Dutch politician Geert Wilders’ resume includes headlines for his anti-Islamic criticisms (as well as for his striking physical similarity to the most powerful man in the free world, humorously so). What’s more, his Freedom Party is also known for leading (though narrowly) in the polls as the March 15 Dutch elections approach. However, amidst the headlines, many Dutch politicians fail to take him seriously and instead accuse him and his followers of racism and hate speech. His political adversaries then use those accusations to discount anything for which Wilder fights.
Dutch politics is a hugely complicated thing, with more than 10 parties represented in the Dutch House of Representatives compared to the five major political parties in the States (only 2 of which have representation in Congress). But the state of politics in the country isn’t really the important issue here. Rather, one should recognize significance in the fact that more Trump-like figures are rising in power and authority across the globe.

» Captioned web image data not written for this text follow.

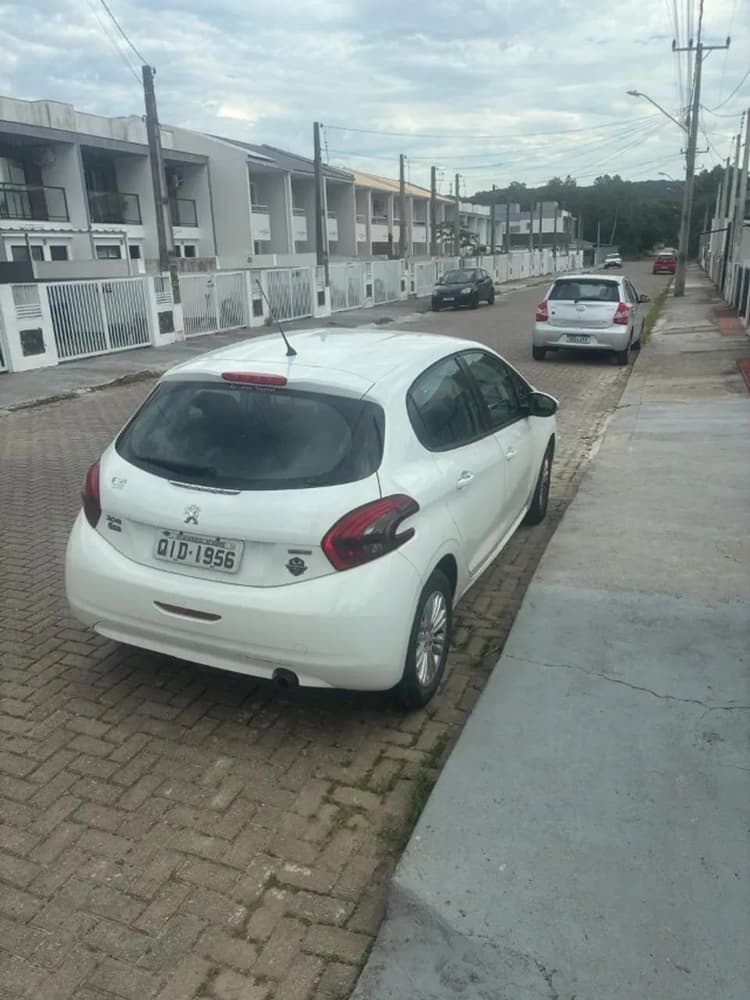 Peugeot 208 Active Pack 1.2 Flex 12V 5P Mec. 2017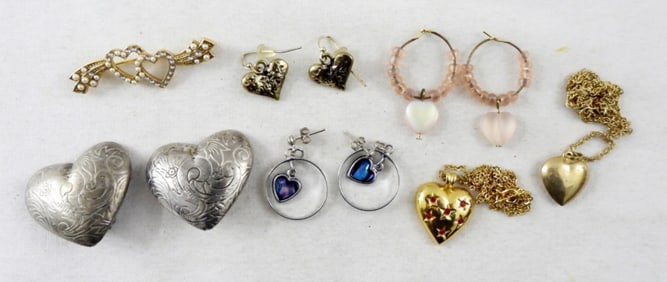 FUN HEART JEWELRY ASSORTED LOT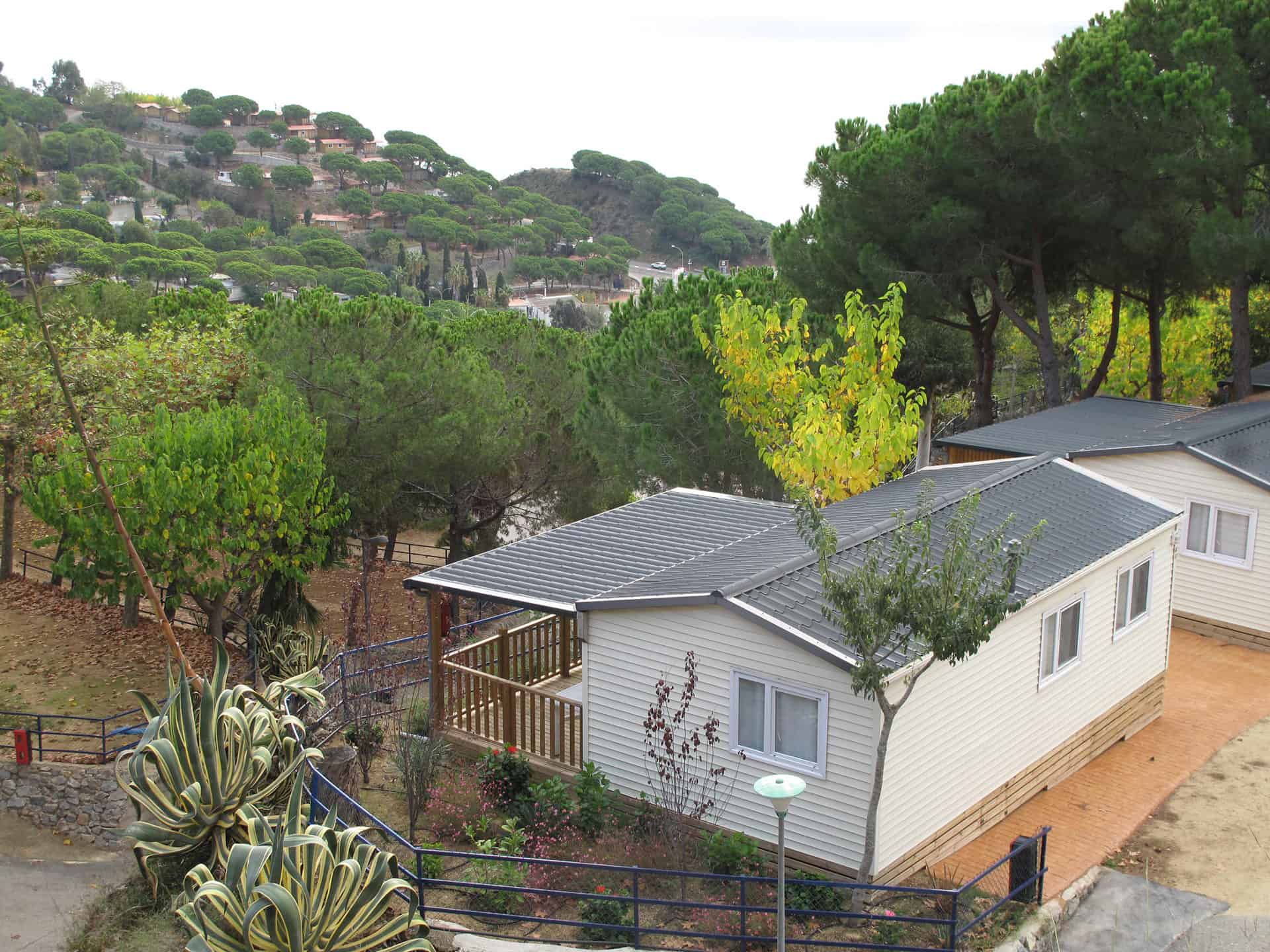 Exemple de mobile-home 6 personnes de la résidence de vacances Roca Grossa à Calella, au sud de la Costa Brava, en Espagne Exemple de mobile-home 6 personnes de la résidence de vacances Roca Grossa à Calella, au sud de la Costa Brava, en Espagne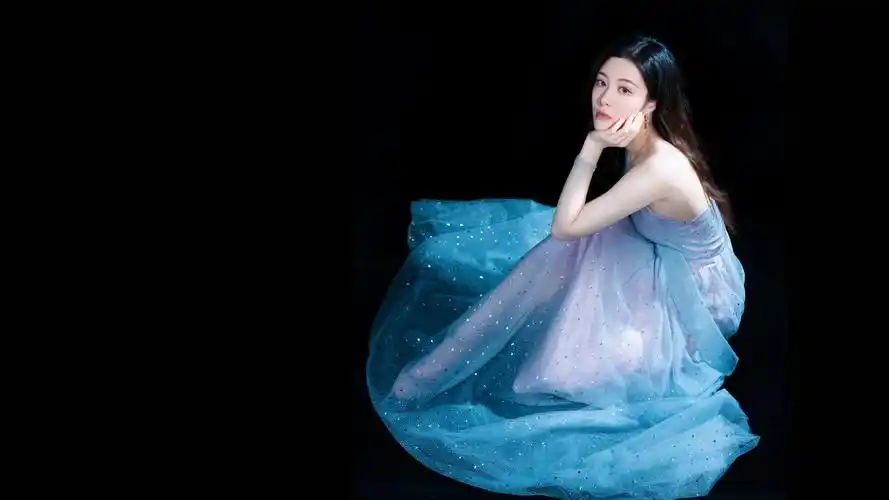 56m上传时间:2021-05-26壁纸封面图静态美女壁纸于2021-05-26上传元气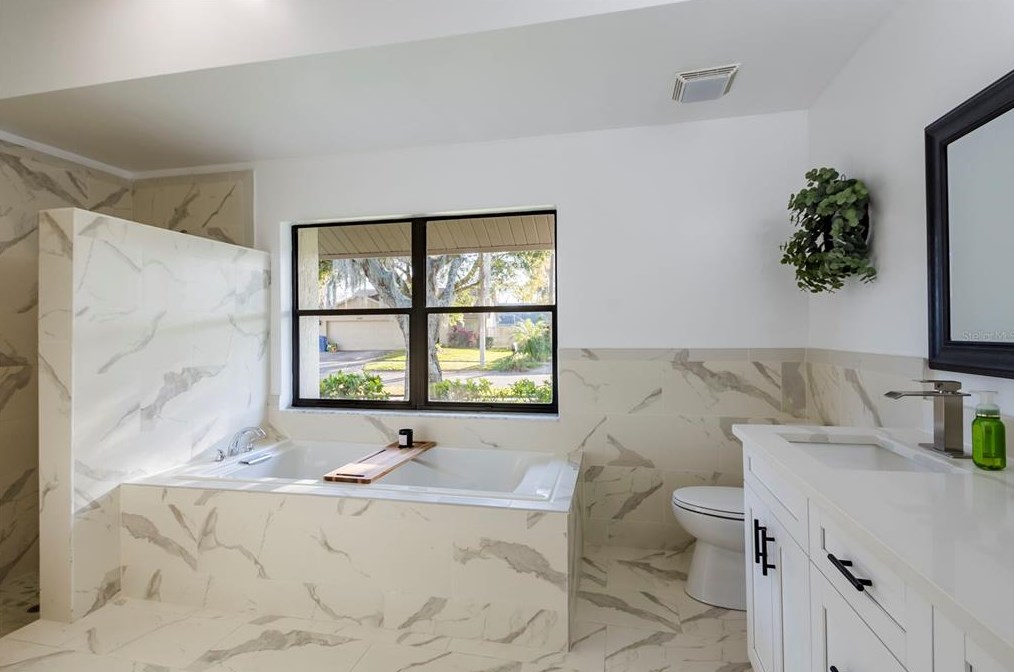 6305 Forrestal Dr, Tampa FL  33625-1612 exterior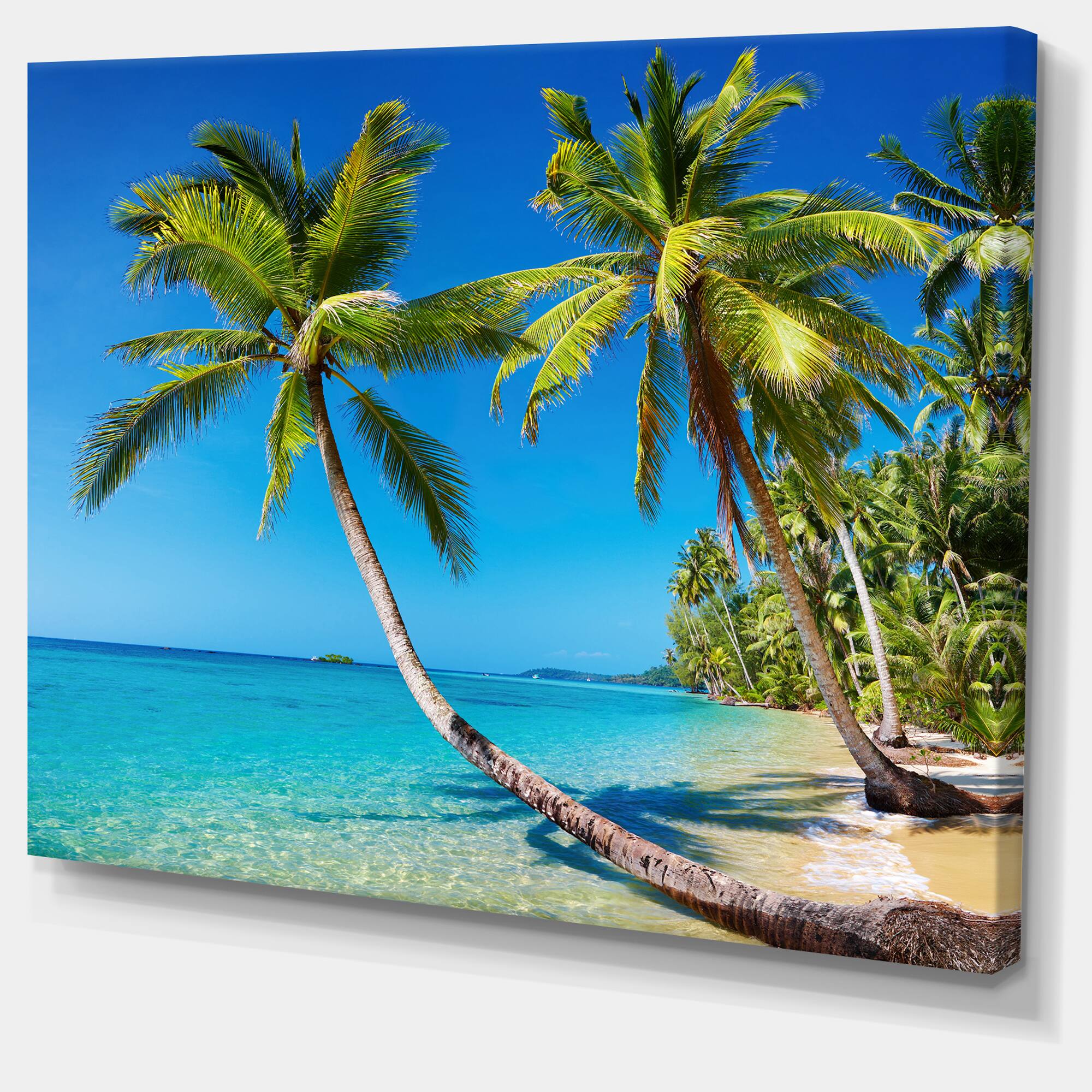 Designart - Tropical Beach Thailand - Landscape Photo Canvas Art Print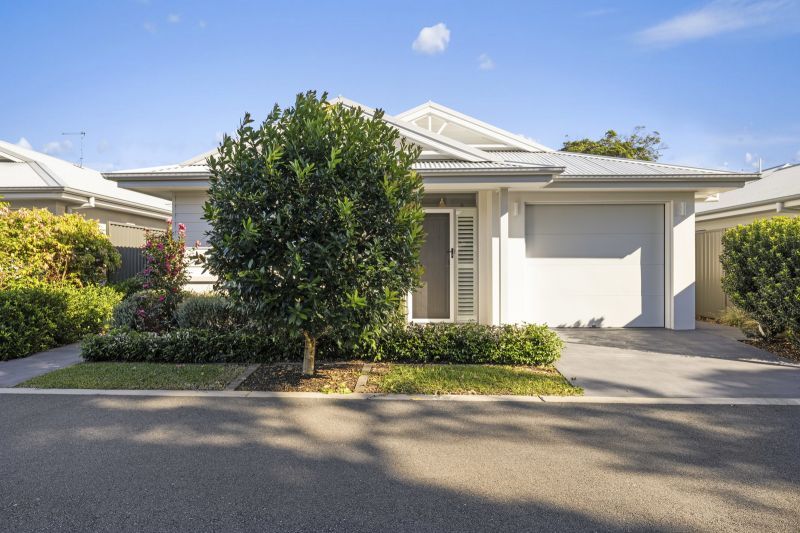 Vibrant Two-bedroom Home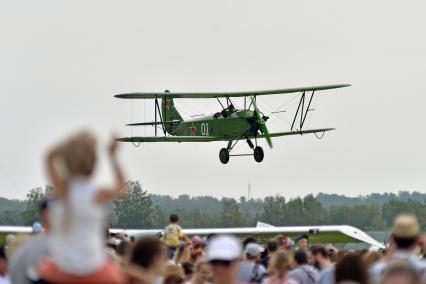 Новосибирская область.  Самолет У-2 во время авиашоу `Взлетай, мой край родной!` на аэродроме Мочище.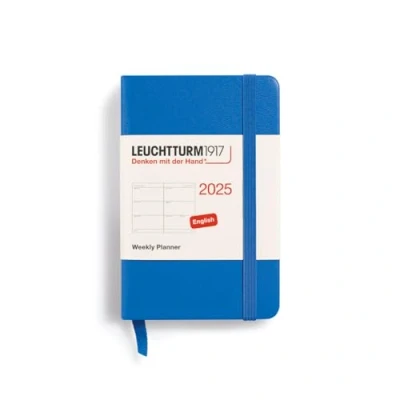Abbildung von LEUCHTTURM1917 370679 Wochenkalender Mini (A7) 2025, Sky, Englisch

This reality means something for the world today.
Even while countries like the Netherlands continue to advocate for freedom, tolerance and acceptance, the popularity (although controversial popularity, to be sure) of Trump and Wilder demonstrate the public’s dissatisfaction with mainstream politics, their frustration with “political correctness” and maneuvering.
In a society where no information is taboo, people want clarity, simplicity and straight answers. Although the statements that Trump and Wilder make may be biased, uncomfortable and even unethical (depending on whom you talk to), they still qualify as statements, and as answers. That, I believe, is why Trump and Wilders have the followings that they do, because as citizens and businessmen first and foremost, they understand the necessity of honesty and transparency.
It is when we force ourselves to look through those glasses of transparency that we will be exposed to things we’d rather not see.